One person feels loved when they are given a gift that perfectly fits an interest they have. For them, that’s love.  Another  feels deeply loved by a  snuggly hug, another by being close but not touching. Another feels most loved by being listened to as they share the trivia of their day, another by being allowed to talk about ideas, another by having a purring cat sleep on their lap, another by being allowed to watch a local football game with friends, another by being encouraged to go to the beach and walk with girl friends.

Love is ideolectic, which means it is articulated in the language of the individual, not the group. It is found in nick names and private endearments and familial neologisms and  goofy redefinitions. It resides in family jokes, favorite foods and funny family stories, a language invented by people with the same reality even if they don’t have the same last name.
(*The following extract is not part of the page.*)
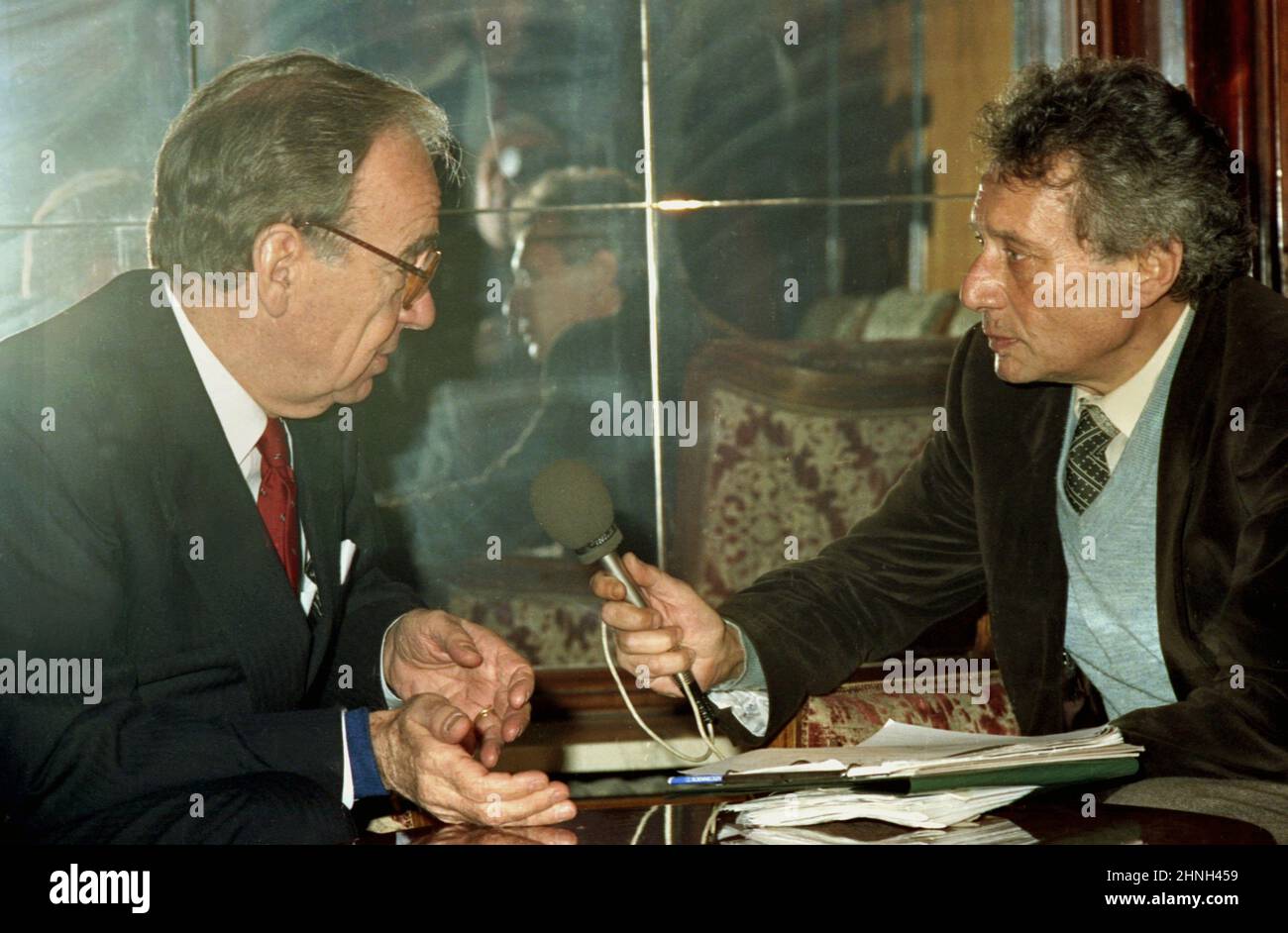 Bucharest, Romania, 1990. Australian- American business magnate Rupert Murdoch being interviewed by journalist Alexandru Stark (right), soon after the fall of communism. Stock Photo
When we cannot experience love, the dysfunctions behind our attachment disorders are often idiopathic, unknown or at least unrecognized by us.  An angry father, a perpetually drunk mother, a childhood illness, a traumatic divorce,  a disabling shyness — we may have some idea as to our love disability, but often we are not quite sure as to its precise etiology. We may brood, “Why can’t I seem to connect well with people, bond, enter into love the way I see that others do?” We often don’t know precisely why; perhaps we never will. Love’s dysfunctions are complex, but we do not have to understand them completely to  love.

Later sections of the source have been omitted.